Mr. Larison is skeptical of any type of centralization or universalization. Everything ought to be local: locally grown food, local elections, and a local sheriff who has served more terms than The Andy Griffith Show has had reruns on TV Land. Wonderful. I always did like Jersey corn.

But what about technology? What about the fact that liberalism has, more or less since its founding, tended toward centralization? Sure monarchies were toppled in the beginning, but what of the growth in state apparatuses proportional to the growth in modern technology? Cities are bigger than ever, requiring bigger police forces with access to more technology. For instance, here in Britain, almost every corner seems to have a security camera watched by the local authorities. Fine and dandy. But I imagine the money for those cameras comes from the national government.

Oh boy. We have a problem. Localism might be incompatible with the growth of that nasty, addictive behemoth: technology. Technology requires lots of money, lots of money requires lots of taxation, and lots of taxation requires a broad area over which to tax. Need I go on? Kojève speaks of a “universal and homogenous state” as the necessary outcome for the modern world. The scary part is his logic seems spot on. The UN, the EU, the World Bank, and the existence of Chinese food in small German towns all point towards one thing: globalism.

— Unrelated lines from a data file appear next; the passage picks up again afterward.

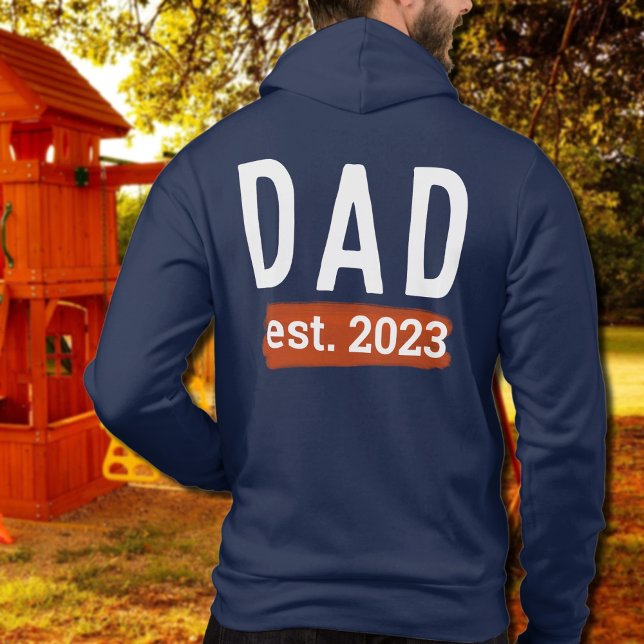 NYTT DAD - ÖST.2020 T SHIRT (Skapare uppladdad)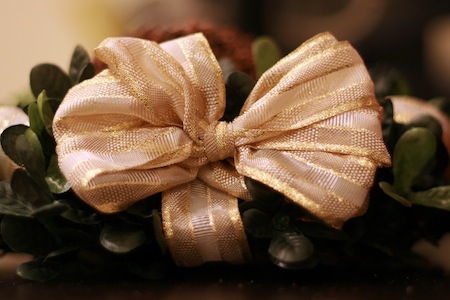 Making a preppers christmas present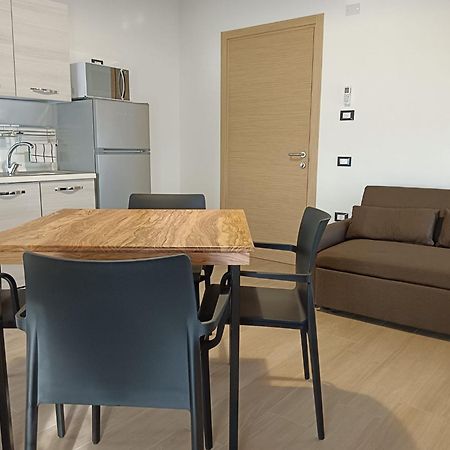 Residence Superstar San Martino di Lupari Extérieur photo
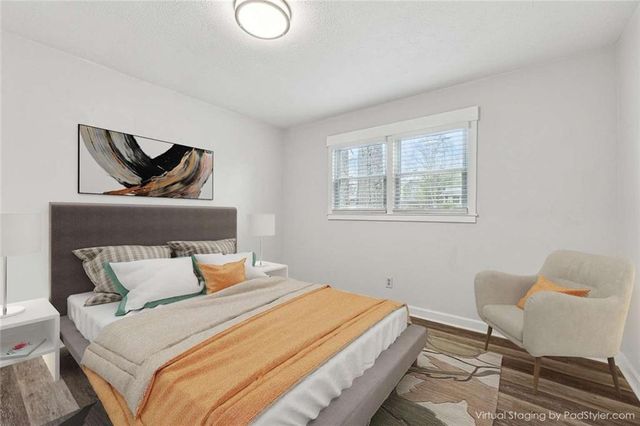 1573 Deerwood Lane, Acworth, GA 30102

Now before your Marxist undies get in a bundle, my point is not to promote this globalism, nor to attack the localism I hold dear. My contention is that localism is hard in a necessarily technological world. 15th century France didn’t have McDonalds and that’s not just because they didn’t have ball pits and high fructose ketchup. Our world is our world because of our technological destiny, which requires centralization. It’s not that we’re smarter than past peoples, our obsession is simply different.

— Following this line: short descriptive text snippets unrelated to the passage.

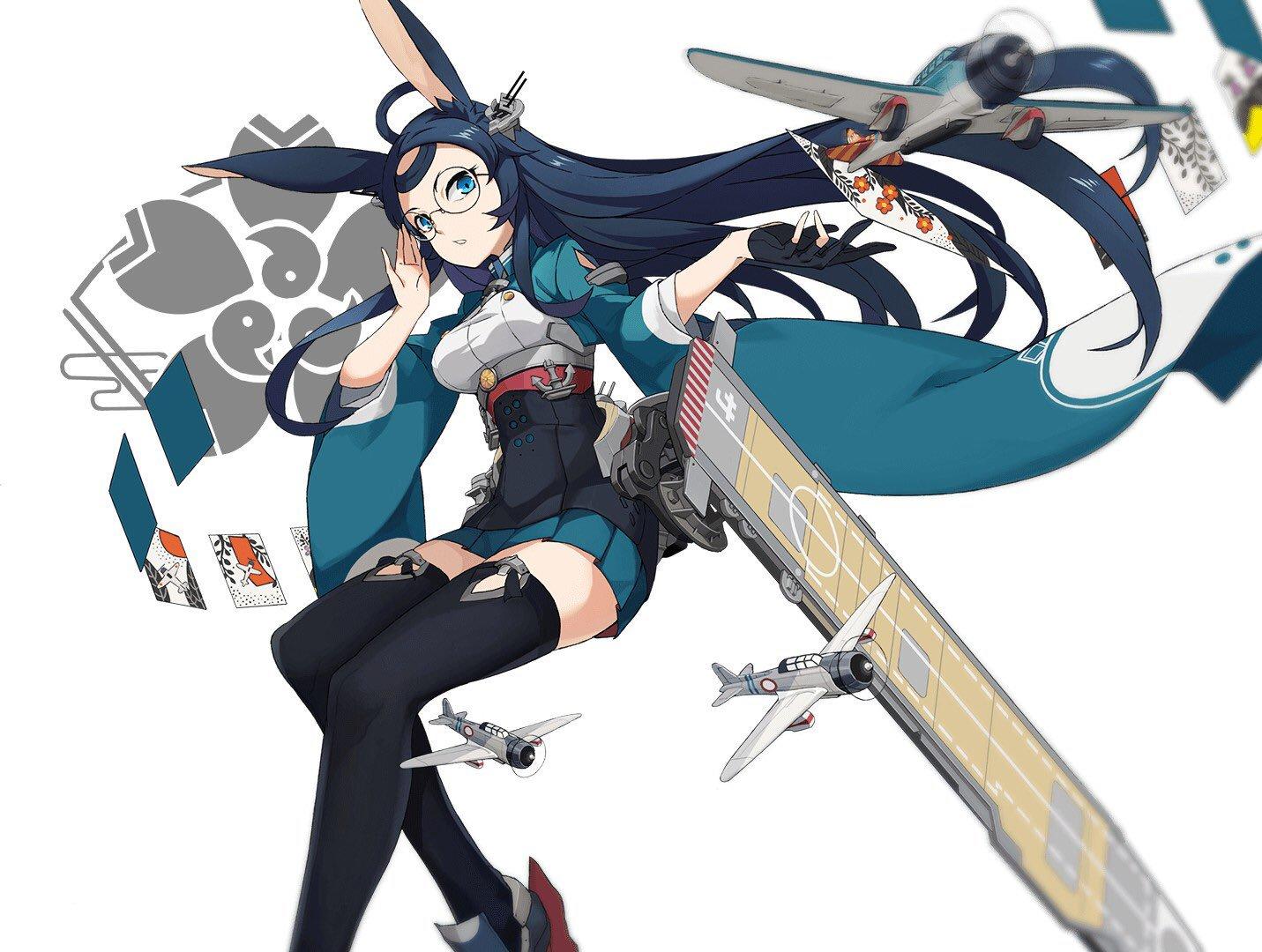 Banner of Azur Lane 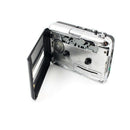 Tape to PC Super USB Cassette-to-MP3 Capture Audio Music Player CD Converte M1D1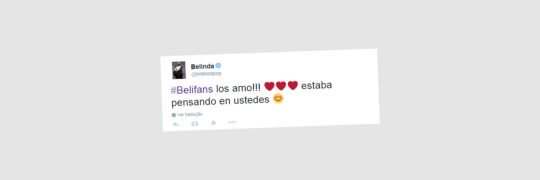spanicbelinda's profile banner image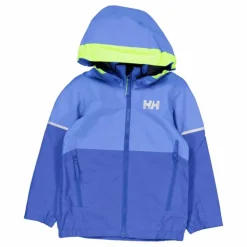 K Sogn Jacket Cobalt 2.0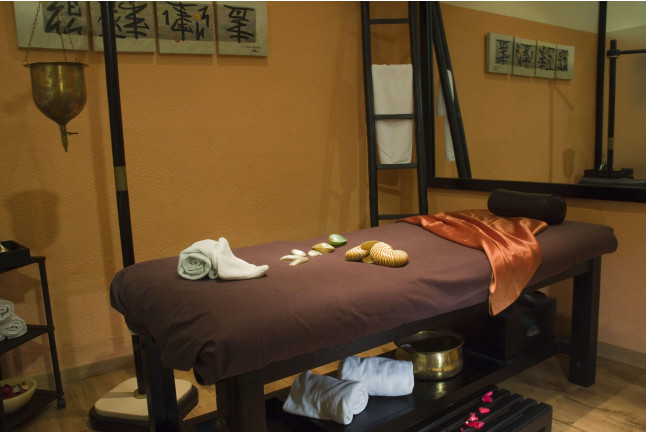 Tratamiento Spa: Envoltura de Chocolate (La Pineda, Tarragona)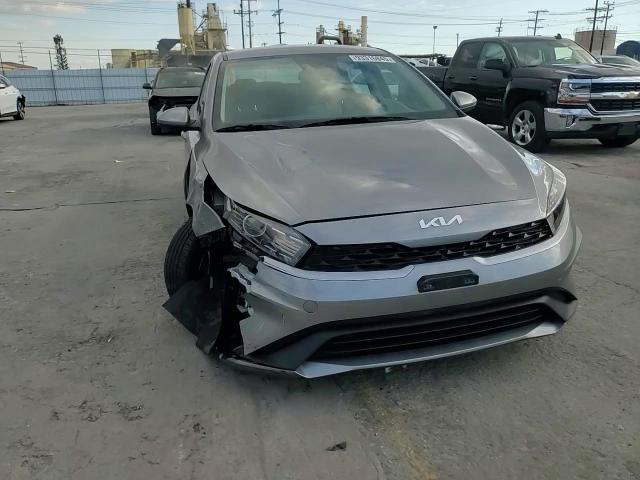 2022 Kia Forte Fe VIN: 3KPF24AD1NE489732 Lot: 93316845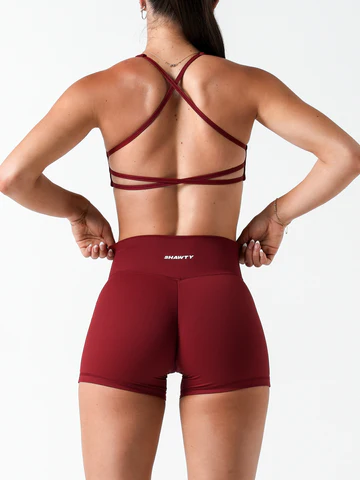 Base Backless Bra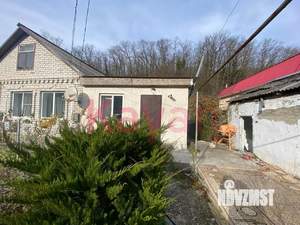 Дом 25м², 1-этажный, участок 4 сот.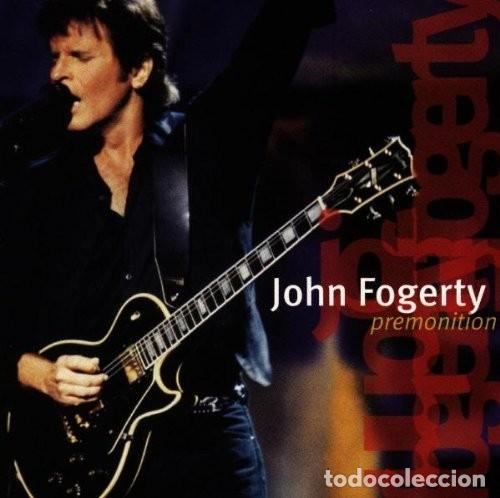 CDs de m&uacute;sica: John Fogerty - Premonition - CD - Foto 1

And so while localism is a noble cause we must find a way to reconcile it with our increasingly centralized world. Does Plato not tell us that democracy can end in centralized tyranny? Does it not seem that technology and modernity can only exacerbate this trend? Localism must be smart localism; it cannot convey an absolute skepticism of authority, but must acknowledge our historical moment. To stand athwart history yelling stop cannot work as long as our society loves iPhones and Facebook.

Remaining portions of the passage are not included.